Croom, like many others, started off with only a basic knowledge of care in November 2012. She was born and raised in Reno and said she didn’t necessarily have a plan prior to Right at Home to become a professional caregiver or try nursing, but now she is studying to become a nurse at Truckee Meadows Community College. Her time as a caregiver, she said, has been invaluable. Her own personal experience also inspired her about the need for assistance as people mature.
“My father had me at a late age and needed caregivers,” she said. “He passed away six years ago. I’m someone who could help. I enjoyed it, and I was good at it.”

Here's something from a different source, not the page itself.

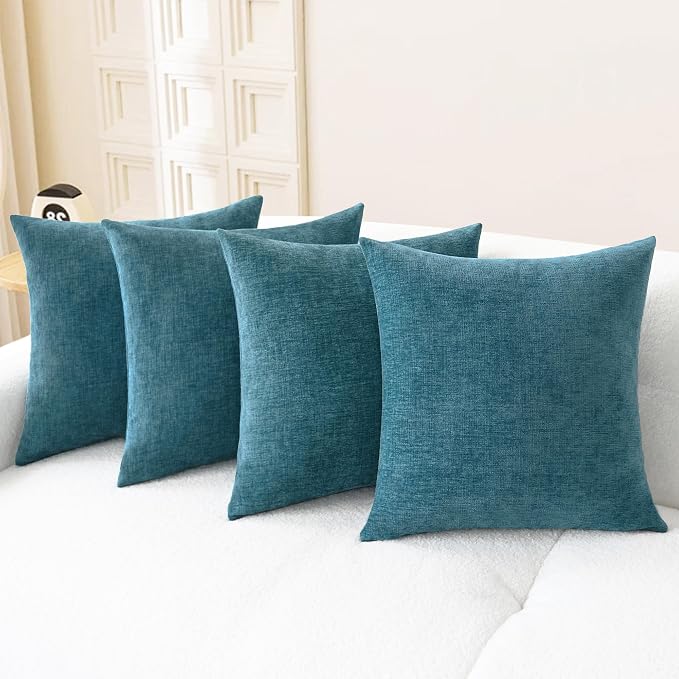 CaliTime Throw Pillow Covers Decorative 18 X 18 Inches Pack of 4 Cozy Chenille by CaliTime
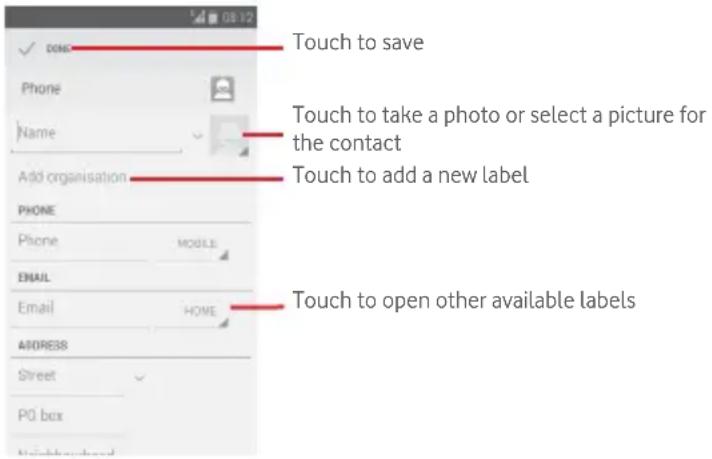 Vodafone Smart First 6 - Adding a contact - 1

She explored different agencies but through a friend she eventually applied at Right at Home, she said, receiving some training on how to enter a home and interacting with new clients and determining how to behave with a new client based on various needs.
“It truly is an art (matching us) with different clients,” Croom said.
She described walking into one client’s home on the first day one time and recalling little conversation that took place at first but that she’d observed their décor and using their love of cars to spur a connection.
“It was amazing the way (the Right at Home staff) match the personalities, and it kind of gives us something to bond over — because it is a different thing to go into someone’s home. You’re in their world and it’s their personal space, and you’re there to take care of them. But for me, personally, it’s like, everybody’s older than me. I don’t want them to feel like, ‘This lady’s here telling me what to do.’”
Croom said generally it’s easy to discern if a client-caregiver match will work out right away, and Right at Home is understanding if it won’t.
Whatever the need is, though, the family has to have the financial needs to support having a caregiver in the home.
“If you do not have longterm care insurance, then you better be independently wealthy if you’re going to have someone in your house more than eight hours,” Wimbush said. “It’s a really tough situation because most people do not want to be in a facility, and most people want to stay home, and this allows people to do that to a degree.”
Staff members of Right at Home franchises select their own employees to nominate for the award, and Wimbush said at their meeting, they narrowed it down to a handful, including Croom.
Croom, he said, had outstanding testimonials from her clients, including from Dr. Craig Karrasch, who described Croom’s compassion for his mother, Nina Karrasch.
“(She) is extremely moral, compassionate, and trustworthy,” Karrasch wrote about Croom. “Bonnie has exceptional judgment and instincts and has always known when it was important and appropriate to voice concerns and or needs on my mother’s behalf and my family nor would I ever question it.”
Craig Karrasch also praised Croom’s level of care for his mother, a client of Right at Home until her passing, in a YouTube video sharing Croom’s achievement as national caregiver of the year.
The video can be viewed at http://www.youtube.com/watch?v=89cDi_9mBDE.
In the meantime, Croom, still attending TMCC and expecting her first child, said she looks forward to finishing her education and has enjoyed what her experiences with Right at Home has taught her about providing an outstanding level of care that meets the needs of her clients and forming relationships with them.
“We all want the same thing as people,” Croom said. “We all want someone to care about us and treat us with respect and dignity.”
She said some things can never be overlooked professionally, but she said she tries to perform her job as if she might be the one to need the care in the future.
“Some of my clients are so wealthy, and what you do with that money, it’s so heartwarming when we see a family take it upon themselves to keep that family member in their home and give them everything and to see that kind of love is so thoughtful,” Croom said. “I start to think about the future, and when I’m old, I hope someone takes care of me.”